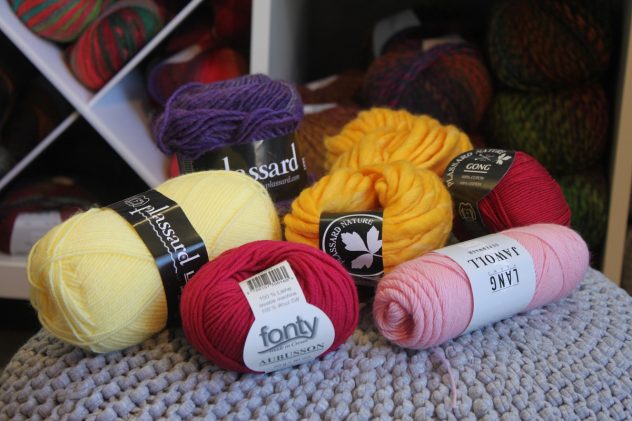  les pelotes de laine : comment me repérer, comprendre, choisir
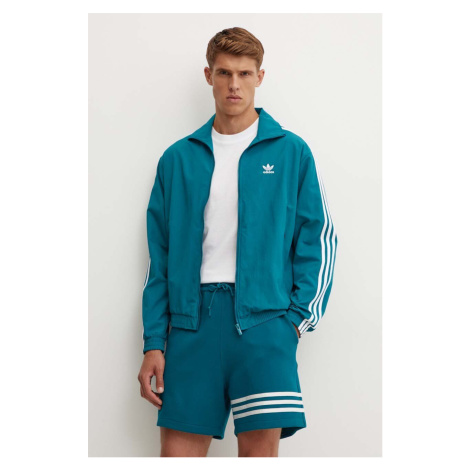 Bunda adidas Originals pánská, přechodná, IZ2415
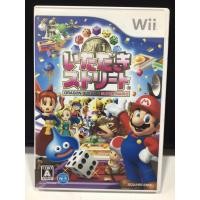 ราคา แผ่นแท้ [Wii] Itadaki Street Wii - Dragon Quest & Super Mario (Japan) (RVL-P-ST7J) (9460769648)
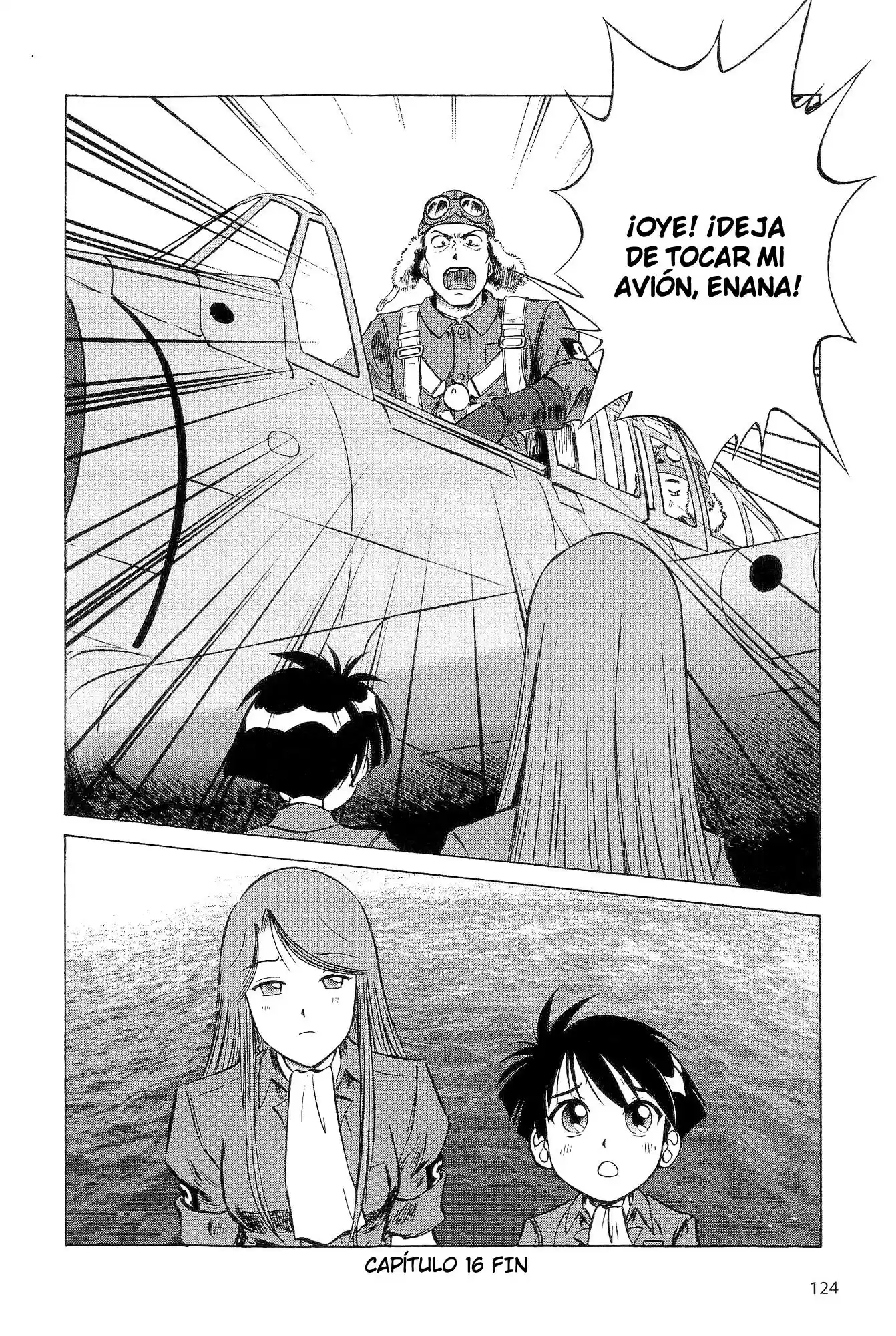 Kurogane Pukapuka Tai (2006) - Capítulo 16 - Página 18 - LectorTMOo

------------------------------------------------

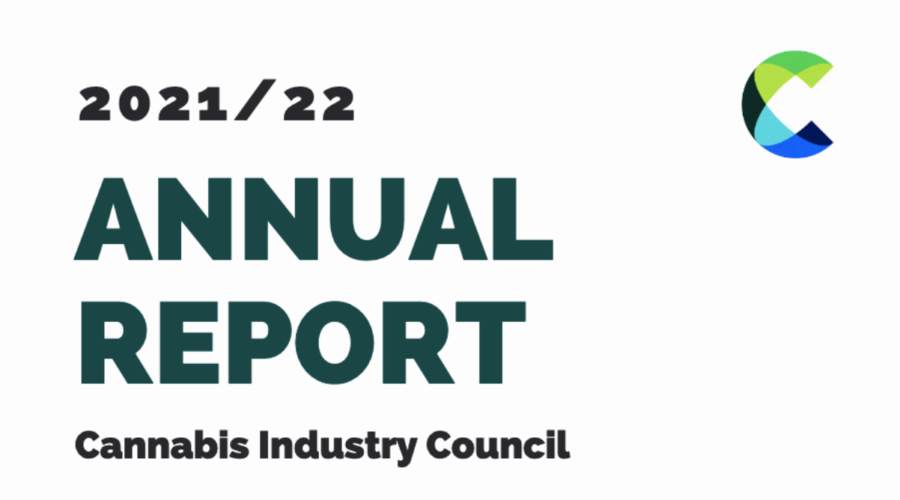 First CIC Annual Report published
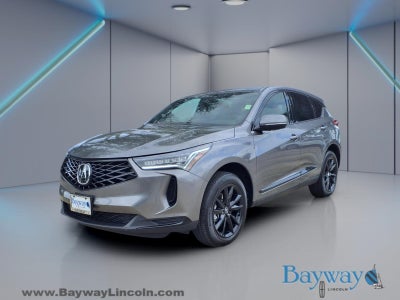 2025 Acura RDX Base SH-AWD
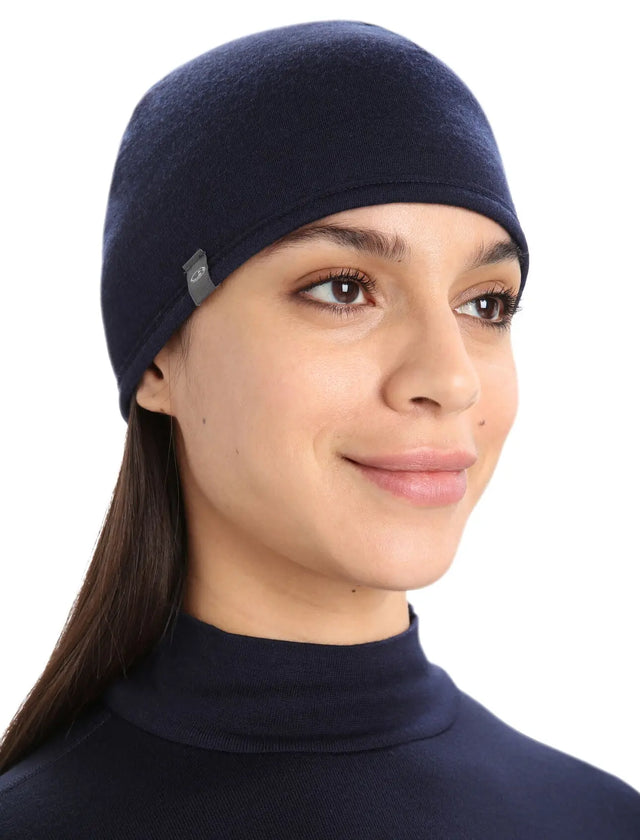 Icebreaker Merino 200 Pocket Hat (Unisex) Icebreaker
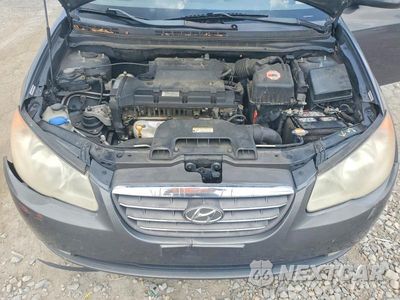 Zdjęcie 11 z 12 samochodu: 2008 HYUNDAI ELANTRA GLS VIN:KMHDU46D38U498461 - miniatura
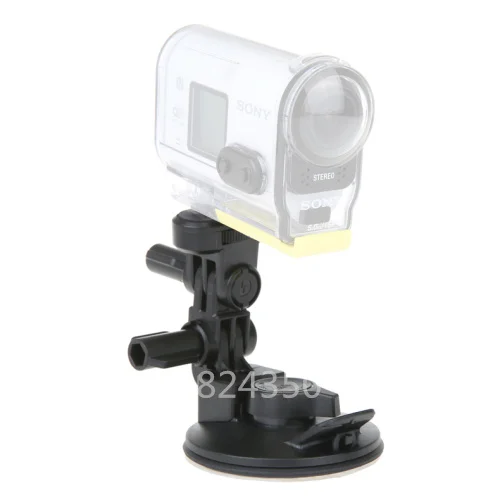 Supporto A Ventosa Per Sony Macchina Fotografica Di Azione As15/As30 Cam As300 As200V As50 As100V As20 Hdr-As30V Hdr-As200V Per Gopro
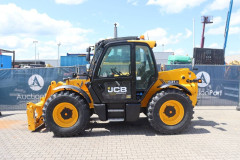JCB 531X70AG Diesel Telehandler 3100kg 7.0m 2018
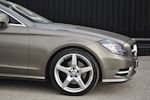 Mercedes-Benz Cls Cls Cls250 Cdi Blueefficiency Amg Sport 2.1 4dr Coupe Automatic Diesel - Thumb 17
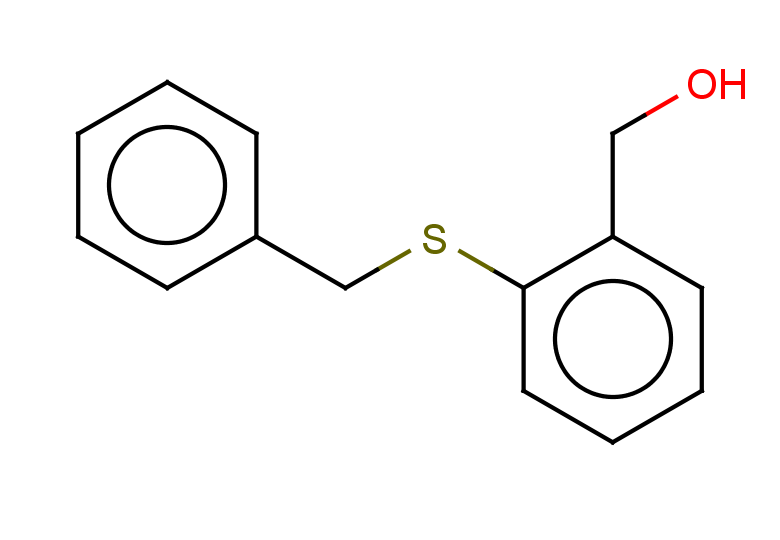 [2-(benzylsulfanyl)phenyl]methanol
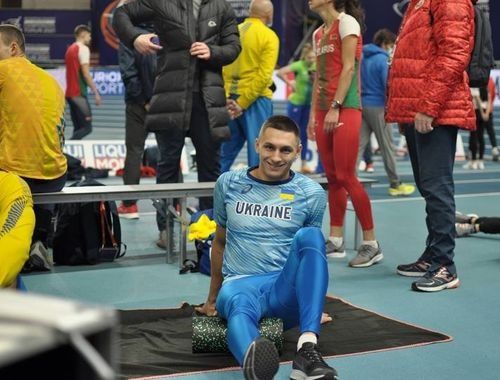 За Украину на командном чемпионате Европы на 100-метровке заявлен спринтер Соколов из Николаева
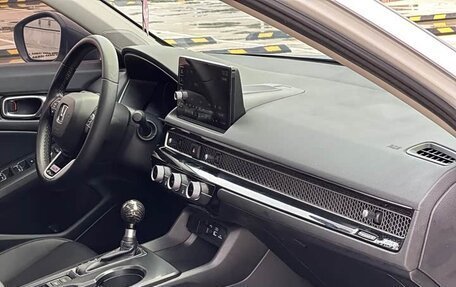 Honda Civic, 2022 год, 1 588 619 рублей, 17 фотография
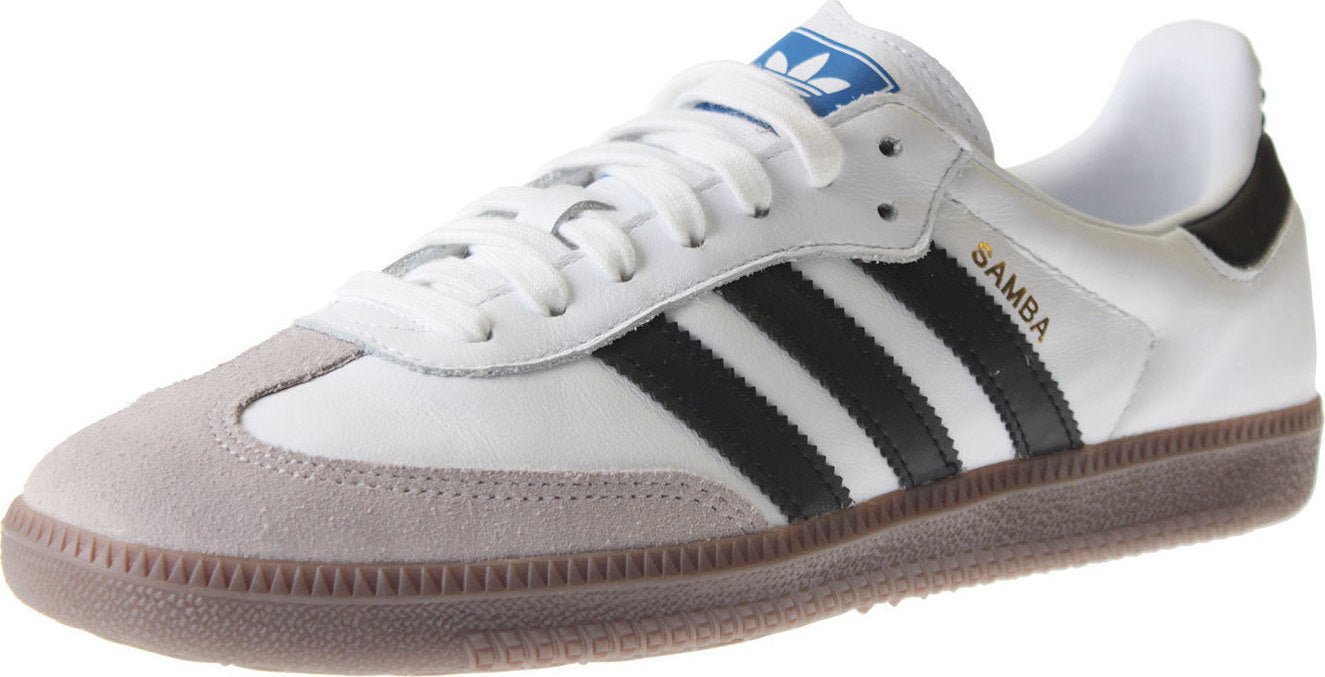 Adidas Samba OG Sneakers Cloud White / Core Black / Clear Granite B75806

------------------------------------------------

--- Work task ---
Word for word, write out the lines above running from the one with "За Украину на" up to and including the one with "Adidas Samba OG". Drop any picture.

--- Worked solution ---
 За Украину на командном чемпионате Европы на 100-метровке заявлен спринтер Соколов из Николаева
 Honda Civic, 2022 год, 1 588 619 рублей, 17 фотография
 Adidas Samba OG Sneakers Cloud White / Core Black / Clear Granite B75806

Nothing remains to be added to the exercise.